Work item: From the line containing "ADP3634ARDZ-R7" down to the final line of the entries below, return each line exactly and drop the pictures.

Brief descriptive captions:
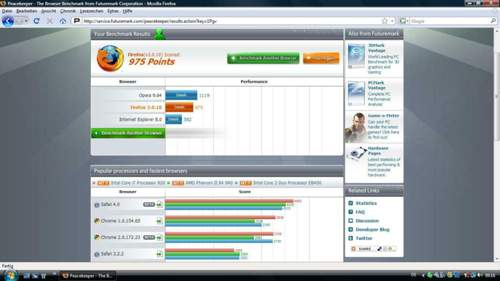Benchmark-test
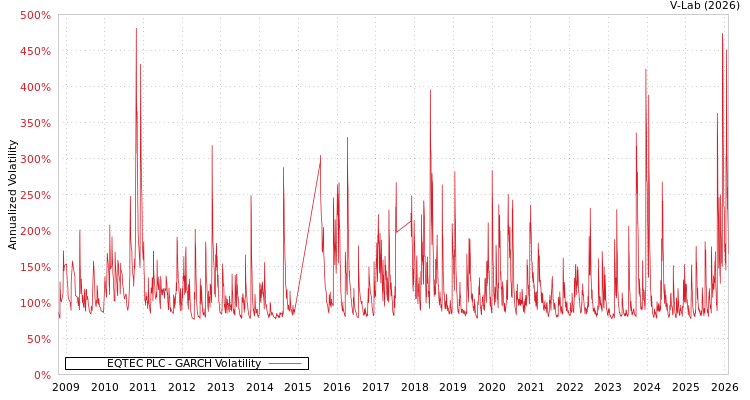 graph of EQTEC PLC GARCH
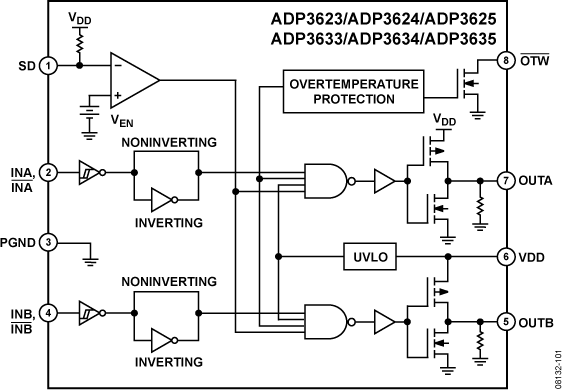 ADP3634ARDZ-R7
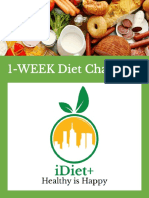 IDiet+ 1week Diet Challenge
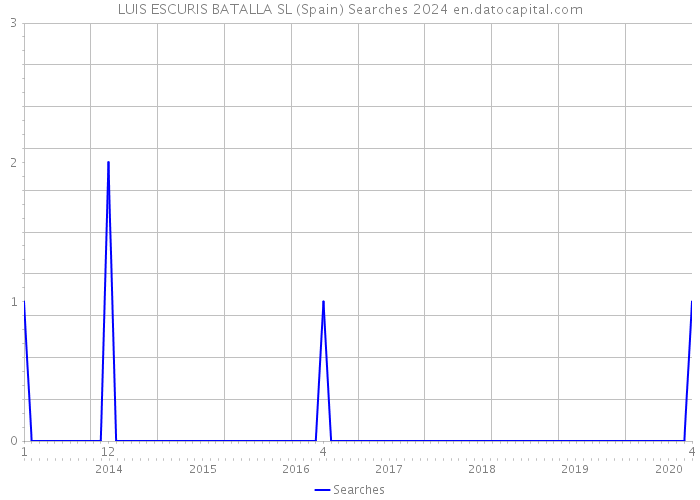 LUIS ESCURIS BATALLA SL (Spain) Searches 2024 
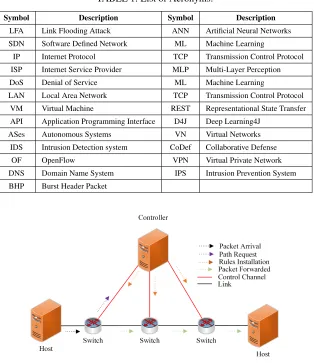 TABLE 1: List of Acronyms.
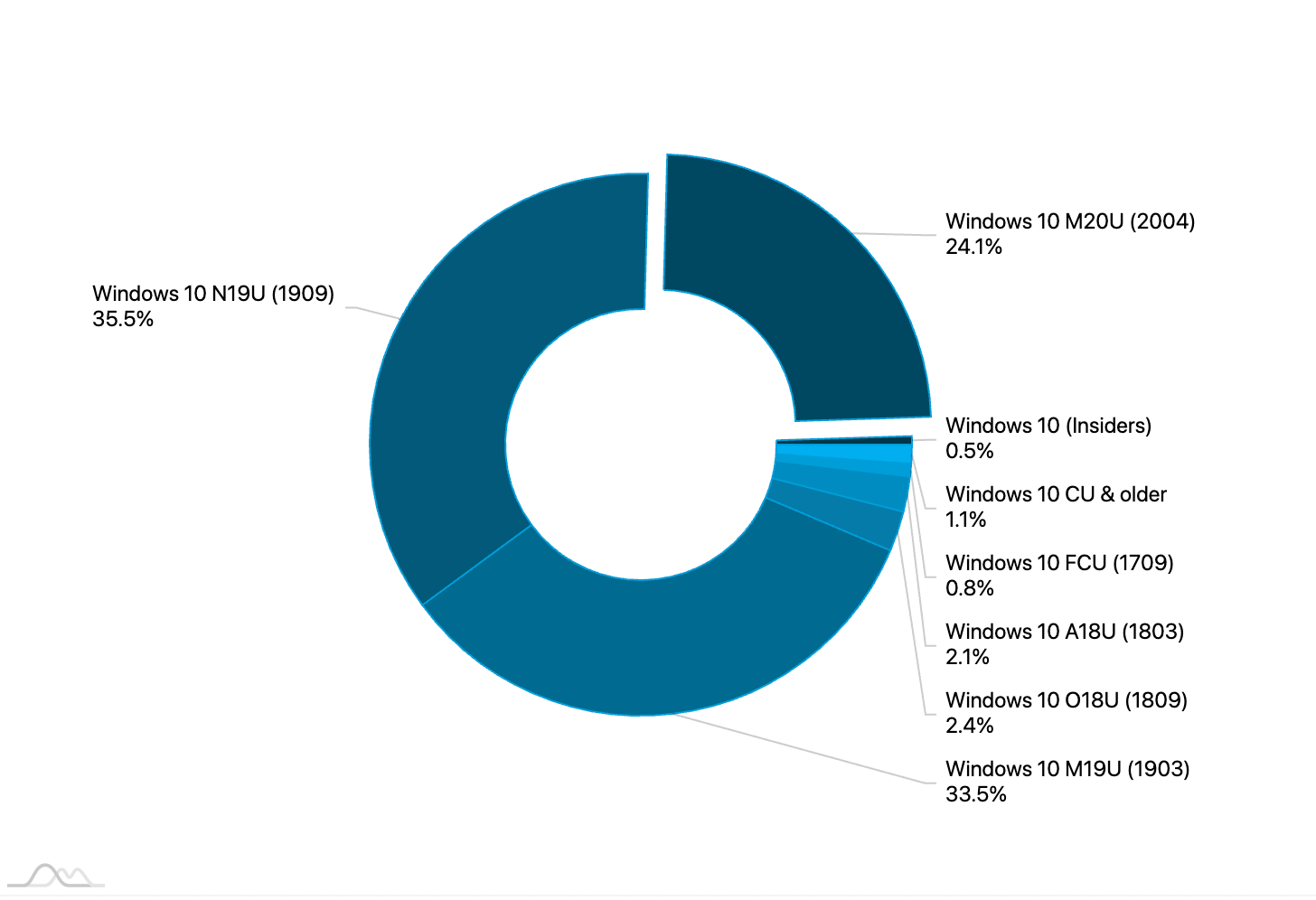 ���������� Windows 10. ������ 2020
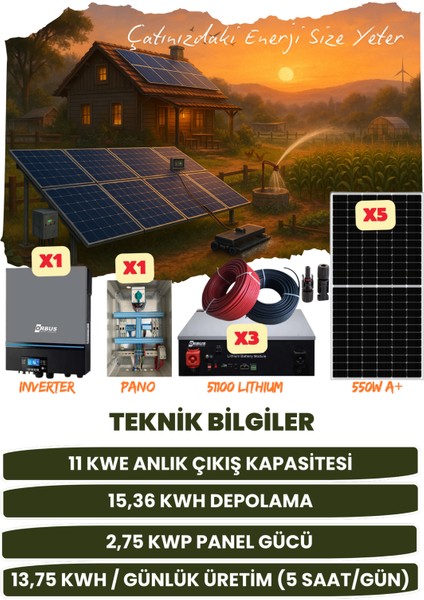 11 Kw Monofaze Güneş Paneli Sistemi (2,75 Kwp/15,36 Kwh Depolama) - 5P11K3L-D fiyatları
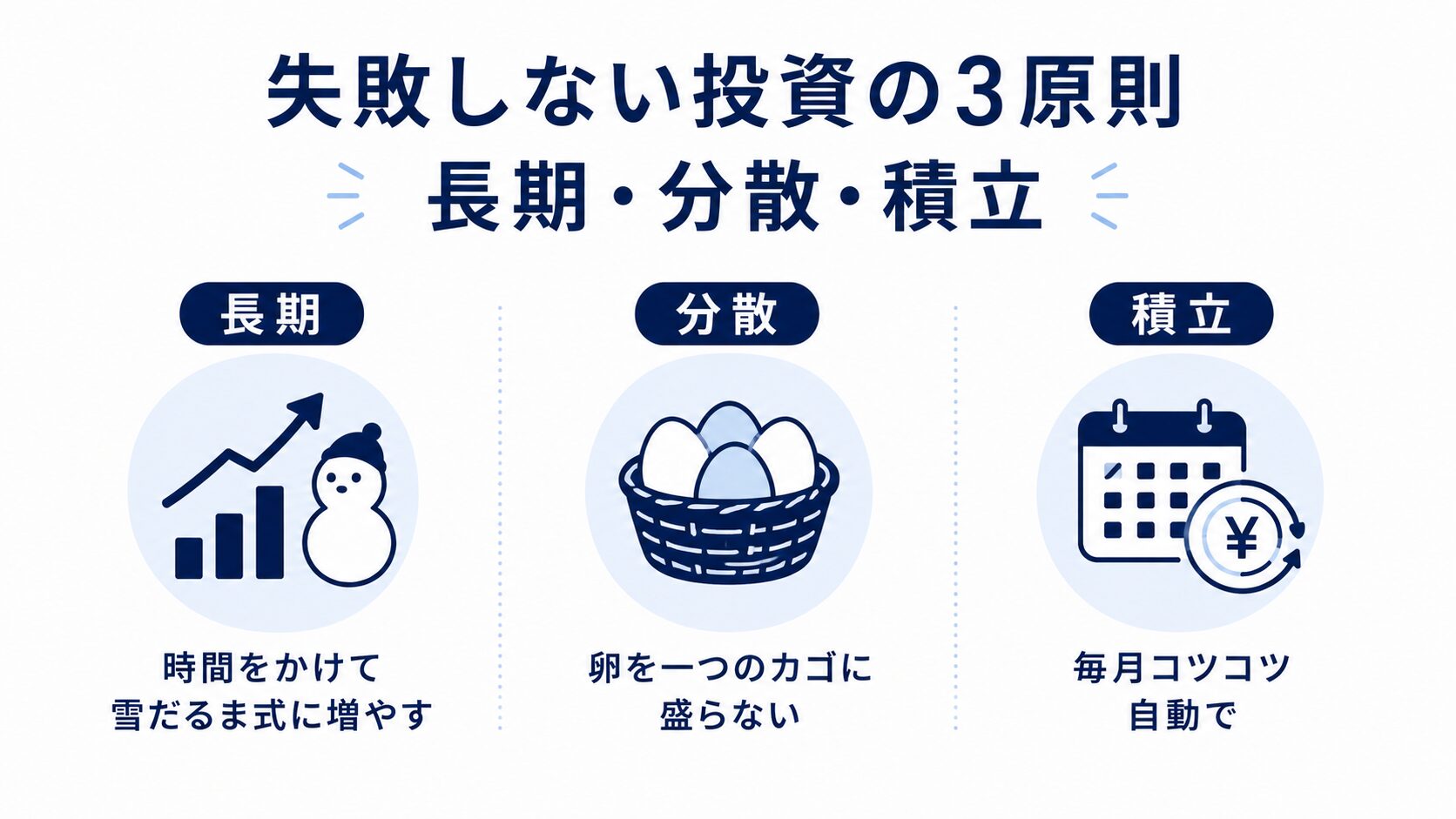 失敗しない投資の3原則の図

Solved problem:
 ADP3634ARDZ-R7
 IDiet+ 1week Diet Challenge
 LUIS ESCURIS BATALLA SL (Spain) Searches 2024 
 TABLE 1: List of Acronyms.
 ���������� Windows 10. ������ 2020
 11 Kw Monofaze Güneş Paneli Sistemi (2,75 Kwp/15,36 Kwh Depolama) - 5P11K3L-D fiyatları
 失敗しない投資の3原則の図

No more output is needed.